Senior System Reliability Engineer

NVIDIA NVIDIA · Semiconductors · Taipei, Taiwan

NVIDIA is seeking a Senior System Reliability Engineer in Taiwan to focus on the reliability of printed circuit board assemblies (PCBAs) and server-level products, including HGX/DGX AI servers/racks. The role involves collaborating with partners and engineering teams, defining reliability standards, developing and executing reliability test plans, performing failure analysis, and correlating test results with field performance.
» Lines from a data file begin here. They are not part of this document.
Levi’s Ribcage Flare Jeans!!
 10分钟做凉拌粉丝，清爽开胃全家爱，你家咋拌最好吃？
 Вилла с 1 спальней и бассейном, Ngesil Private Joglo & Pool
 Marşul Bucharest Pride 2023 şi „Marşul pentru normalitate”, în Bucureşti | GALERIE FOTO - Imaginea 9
Requires a BS/MS in a technical field, 5+ years of hardware validation and system-level reliability experience, hands-on testing experience, understanding of system interfaces, statistical analysis skills, and project management abilities. Fluency in Chinese and English is essential.

What you'd actually do

  1. Collaborate closely with CM/ODM partners, with extensive interaction across relevant engineering teams and suppliers to ensure target reliability is achieved through Design for Reliability (DfR) methodologies, including FMEA and DoE.
  2. Define, implement, and maintain product reliability standards and metrics for NVIDIA’s next-generation system technologies, using existing tools and processes or developing new ones as needed.
  3. Develop and own the reliability test plan. Lead and complete reliability testing, including failure analysis, and provide actionable recommendations to improve product design and manufacturing processes.
  4. Develop and present methodologies to correlate reliability test results with real-world field performance.

Skills

Required

  • BS or MS in Electrical, Mechanical, Computer Engineering, or other technical fields
  • Minimum of 5 years of experience in hardware validation and system-level reliability for printed circuit boards and server platforms
  • Hands-on experience with reliability demonstration testing and accelerated life methodologies
  • Solid understanding of power delivery, memory subsystems, high-speed I/O, PCI Express, Ethernet, and I²C interfaces
  • Strong proficiency in statistical analysis and reliability modeling
  • Demonstrated project management skills
  • Fluency in both Chinese and English

Nice to have

  • advanced degree preferred
  • existing tools and processes or developing new ones as needed
  • present technical information clearly to diverse audiences
  • Highly self-motivated, capable of working independently, and driven to deliver results in a fast-paced environment

What the JD emphasized

  • Minimum of 5 years of experience in hardware validation and system-level reliability for printed circuit boards and server platforms.
  • Hands-on experience with reliability demonstration testing and accelerated life methodologies, including Thermal Cycling, Mechanical Shock and Vibration, ALT/HALT/HASS, Burn-in, and Ongoing Reliability Testing (ORT) at component, subassembly, and system levels.